Get a life, Joe B: Biden’s onset of dementia is as obvious as your case of Trump Derangement Syndrome. Feltman is correct in citing the many cases of Joe Biden’s growing problem….especially under pressure. Have you seen that disastrous interview on The View…where he was among adoring friends, for Pete’s sake…and couldn’t string together a cohesive sentence to save his soul?
And when he does correct himself, which is not all that often, do you really want such a confused, irregular mentality running the country? Geeze….but I suppose you do.
Feltman quoted one that was BS.
We already have a confused, irregular person running the country who has pretty much trashed things in less than 4 years. “I alone can fix it” was the promise but the reality is that “everything Trump touches dies”. If you can’t see that, I can’t help you, but I can advise you get your news from more diverse sources.

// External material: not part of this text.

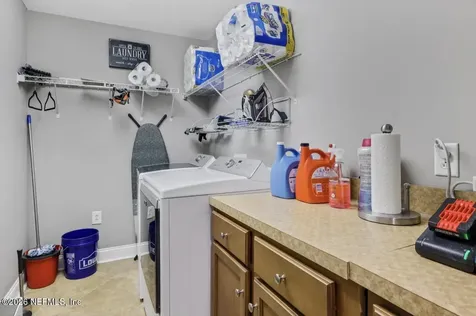 115 Sunset Harbor Way St. Augustine FL 32080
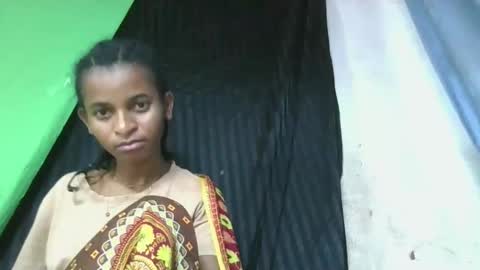 Snapshot of mmerela chatting on March 14, 10:59 pm mmerela online show from March 14, 10:59 pm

And I’m someone who’d vote for Mitch Daniels for president in a heartbeat. He might be a good Republican candidate for 2024 since he hasn’t spent the last five years embarrassing himself kowtowing to Trump. They will have to look far and wide to find people without the Trump stain.
It’s not Biden’s fault that he may well be able to win the presidency just by letting Trump continue to make mistakes. He’d be an improvement because he’d have, at least, people around him who are qualified to be there, as opposed to the vast number of “acting” individuals surrounding Trump, most of whom would never make it through vetting even by a Republican Senate. Remember when Trump was going to have an awesome selection of all the best people around him to make up for his lack of experience? Yeah, how did that play out?